Dropping or detaching a database does not affect default database settings. In fact, users trying to connect to the old server might even be unpleasantly surprised by the following error message:
Cannot open user default database. Login failed. Login failed for user '<login>'. (Microsoft SQL Server, Error: 4064)
The default database setting specifies which database the user will connect to by default. Since the user can (and should) always specify the database context when connecting, this default will only be used in the case when no database has been specified.
About SQL Server Error 4064 (DB_UFAIL_FATAL)
However, a non-existing database is not the only possible reason for this particular exception; there are more possibilities to consider:
- Does the database exist?
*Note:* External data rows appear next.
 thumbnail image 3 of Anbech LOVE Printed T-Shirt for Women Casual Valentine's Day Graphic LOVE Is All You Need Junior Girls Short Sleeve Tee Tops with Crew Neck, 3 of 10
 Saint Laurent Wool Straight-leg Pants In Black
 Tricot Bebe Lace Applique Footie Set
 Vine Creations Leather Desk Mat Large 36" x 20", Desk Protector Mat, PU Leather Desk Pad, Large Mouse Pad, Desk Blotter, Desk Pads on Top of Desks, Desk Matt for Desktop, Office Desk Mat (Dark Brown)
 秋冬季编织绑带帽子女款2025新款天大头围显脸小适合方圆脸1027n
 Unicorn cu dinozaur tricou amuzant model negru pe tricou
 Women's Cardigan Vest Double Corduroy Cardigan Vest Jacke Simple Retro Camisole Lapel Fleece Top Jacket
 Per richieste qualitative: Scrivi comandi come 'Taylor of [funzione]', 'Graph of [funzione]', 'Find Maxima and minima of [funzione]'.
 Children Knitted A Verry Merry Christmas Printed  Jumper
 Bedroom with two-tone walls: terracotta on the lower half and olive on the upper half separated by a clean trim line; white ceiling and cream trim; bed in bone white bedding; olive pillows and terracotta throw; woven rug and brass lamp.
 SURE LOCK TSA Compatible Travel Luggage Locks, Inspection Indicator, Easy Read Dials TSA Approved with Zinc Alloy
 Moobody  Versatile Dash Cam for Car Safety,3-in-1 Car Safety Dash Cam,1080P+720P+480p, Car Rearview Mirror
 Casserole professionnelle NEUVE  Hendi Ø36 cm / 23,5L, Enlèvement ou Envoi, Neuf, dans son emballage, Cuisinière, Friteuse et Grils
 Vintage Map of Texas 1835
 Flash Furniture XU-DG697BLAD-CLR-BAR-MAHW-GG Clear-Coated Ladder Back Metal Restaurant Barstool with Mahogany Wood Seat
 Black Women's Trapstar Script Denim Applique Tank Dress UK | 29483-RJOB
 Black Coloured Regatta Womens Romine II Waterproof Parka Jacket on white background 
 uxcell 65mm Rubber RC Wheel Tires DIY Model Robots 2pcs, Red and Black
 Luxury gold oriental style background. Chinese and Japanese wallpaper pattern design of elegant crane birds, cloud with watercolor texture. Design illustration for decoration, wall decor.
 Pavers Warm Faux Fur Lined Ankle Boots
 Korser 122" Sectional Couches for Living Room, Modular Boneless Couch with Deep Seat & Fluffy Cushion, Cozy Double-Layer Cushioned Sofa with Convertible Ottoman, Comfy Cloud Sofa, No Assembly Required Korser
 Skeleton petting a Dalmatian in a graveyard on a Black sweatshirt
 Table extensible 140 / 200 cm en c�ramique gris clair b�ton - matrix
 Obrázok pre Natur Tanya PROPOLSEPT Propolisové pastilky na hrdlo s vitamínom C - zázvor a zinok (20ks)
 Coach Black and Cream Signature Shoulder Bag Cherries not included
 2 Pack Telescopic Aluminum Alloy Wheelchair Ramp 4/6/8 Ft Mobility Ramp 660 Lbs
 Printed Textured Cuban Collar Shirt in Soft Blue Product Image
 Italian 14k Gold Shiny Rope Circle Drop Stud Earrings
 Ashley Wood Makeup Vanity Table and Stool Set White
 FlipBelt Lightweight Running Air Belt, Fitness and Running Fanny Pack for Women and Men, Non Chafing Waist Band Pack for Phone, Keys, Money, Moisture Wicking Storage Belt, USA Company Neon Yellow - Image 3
We cover this later in this post;
- Is the database online? There are 6 states that a database can be in (more details in Books Online), so verify the state of the database:
select sys.databases.name ,sys.databases.[state] ,sys.databases.state_desc from sys.databases
- Is access to the database restricted? There are 3 access modes that can be set for a database (more details in Books Online), so verify the access mode:
select sys.databases.name ,sys.databases.user_access ,sys.databases.user_access_desc from sys.databases
- Does the user have the CONNECT permission on the database? By default every database principal, i.e. a user (created from a server principal, i.e. a login) is granted the CONNECT permission implicitly, but this permission can also be denied. I've discussed permissions and how to check them for a particular user in a previous post.
Let me in!
Once we've determined that the reason for the error is in fact in the default database settings referencing a missing database, we should change them appropriately for each individual login.
The next query returns a list of logins with a default database setting referencing a database that cannot be found on the current instance:
select sys.server_principals.name ,sys.server_principals.sid ,sys.server_principals.default_database_name from sys.server_principals where (sys.server_principals.[type] in ('S', 'U', 'G')) and (not exists ( select * from sys.databases where (sys.databases.name = sys.server_principals.default_database_name) ))
The results of the query are restricted to only list server principals that are either a SQL login ("S"), a Windows login ("U"), or a Windows group ("G").
To allow the users to connect to the server without specifying a database (by relying on the default database setting) we need to assign an existing default database to each one of their logins – which is quite easy once we (a) know who they are, and (b) determine which database is the most appropriate to be used as default.
If you for some reason don't have time to think about which database should be the default for every login, or simply don't care which one it is (as long as it's not
msdb), here's a little script that (using the query above) sets
tempdb as the default database for each login that currently has their default database set incorrectly.
tempdb? It exists at every instance and is accessible to any login. Keep in mind though that this is a quick fix, not a best practice.